*Problem to work on*
Your output should be the lines below from the one with "Frog Skin Midnight" through the one with "K5 - VIC-le-BIGORRE", copied exactly, pictures excluded.

*Task inputs*
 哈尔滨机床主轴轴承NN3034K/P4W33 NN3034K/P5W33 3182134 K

---

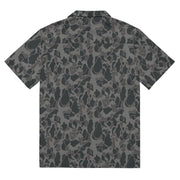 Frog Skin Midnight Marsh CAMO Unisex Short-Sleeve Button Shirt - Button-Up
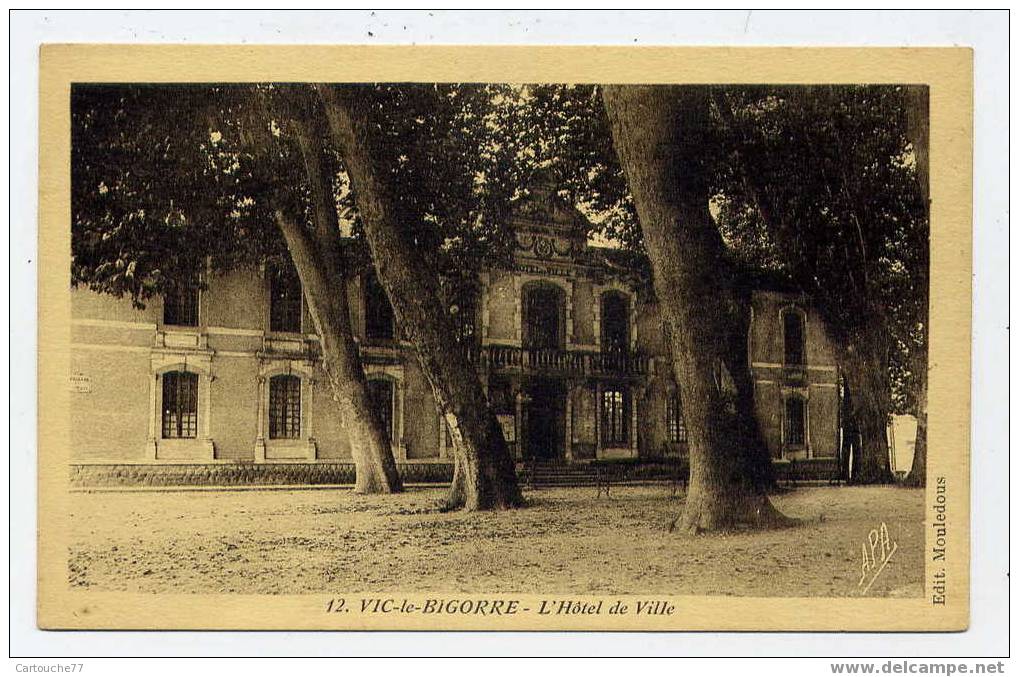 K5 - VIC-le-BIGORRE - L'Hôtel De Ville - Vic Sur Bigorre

---

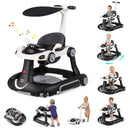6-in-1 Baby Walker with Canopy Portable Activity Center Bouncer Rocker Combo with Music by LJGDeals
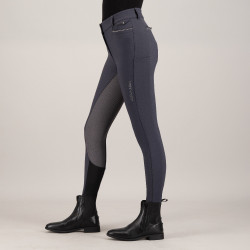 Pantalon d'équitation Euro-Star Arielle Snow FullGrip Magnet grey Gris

*Task result*
 Frog Skin Midnight Marsh CAMO Unisex Short-Sleeve Button Shirt - Button-Up
 K5 - VIC-le-BIGORRE - L'Hôtel De Ville - Vic Sur Bigorre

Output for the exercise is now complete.